Lutz Blaeser, MD of Intact Software Distribution, says incident responders need to narrow the time between when an incident or breach occurs, and when it is discovered. “One of the major reasons there is such a vast delay in the discovery of a breach, is that businesses are too focussed on defending against threats, and not focussed enough on detection and mitigation.”
He says if the plethora of breaches that have occurred in the last few years have taught us anything, it is that a new and more effective approach to detect and mitigate security breaches is needed, one that enables businesses to understand the complex activities occurring on their networks, and what legitimate and anomalous cyber activity looks like.”

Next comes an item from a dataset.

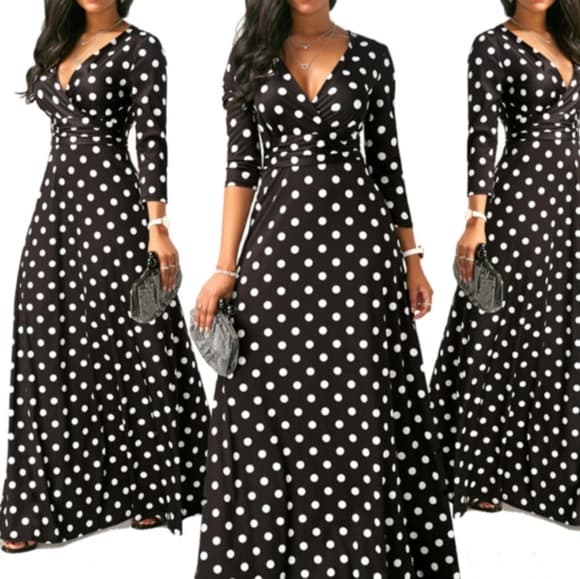 Black Long Boho Maxi Beauty Dress - Thumbnail 4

There is only one way to accomplish this, and that is by scrutinising all network activity, which will include how users and devices behave. “Today’s wisdom is that users are the weakest link, and pose the biggest threat to an organisation’s security. Yet despite this, most companies do not spend enough time examining their users’ behaviours, including what they access and what their patterns of behaviour are. Without being aware of this, it is impossible to identify anomalous or ‘dodgy’ behaviour.”
By actively monitoring, detecting and understanding user access and usage patterns, any risky activities can quickly be identified. “As with all dangers, early warning signs can help prevent and control them. In terms of IT security, early warnings can prevent threat actors who have hi-jacked legitimate accounts as well as inside users who are up to no good,” says Blaeser.

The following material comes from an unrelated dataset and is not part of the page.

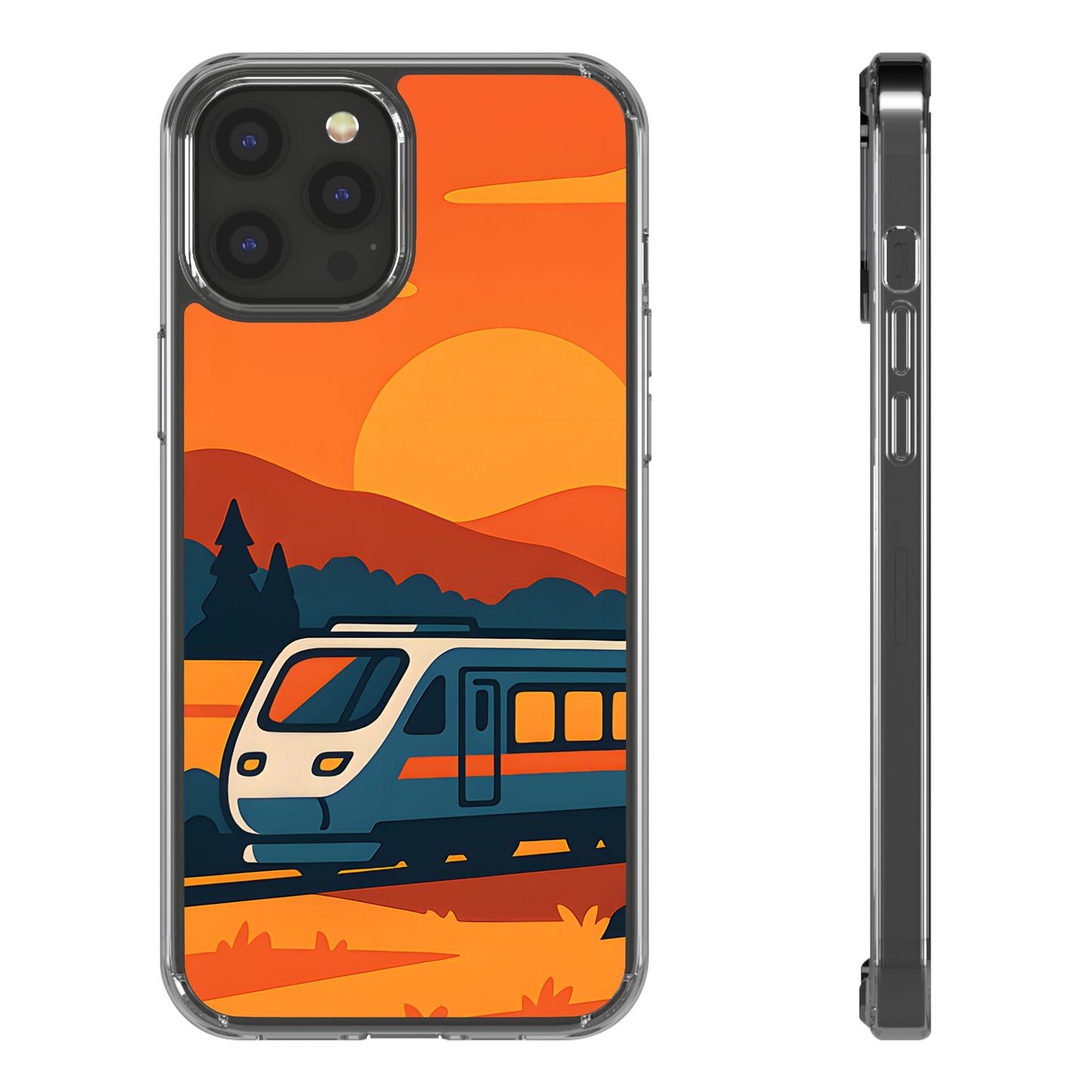 Clear Sunset Train Phone Case - Minimalist Travel Aesthetic Transparent Cover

“Implementing a good security information and event management (SIEM) solution is a good start. These systems will examine all security-related information that is being collected through various forms of logging. To understand and harness this data, firstly establish a baseline determining which activities are logged, and which are not, as this will expose any vulnerabilities in the collection process.”
For the next step, apply data analytics to understand the data you have, and identify what good behaviours look like, as this will make it far simpler to pinpoint any bad or anomalous behaviours. “Also identify and monitor all authorised access credentials that are being employed, as threat actors often make use of legitimate credentials to accomplish their nefarious deeds. Once compromised, attackers can lurk around your network for months, so pay these the attention they deserve.”
Moreover, Blaeser says, don’t forget to scrutinise accounts with high access privileges, such as systems, IT or database administrator accounts. “These are highly important, as these individuals will have access to even the most private and sensitive information. Being able to identify ‘bad’ behaviour among your users is the very basis for being able to act intelligently, and stop a breach before it causes too much damage. It is the very basis for lessening the time from breach to detection, and therefore preventing date exfiltration or other damage to the company’s systems, and therefore reputation.”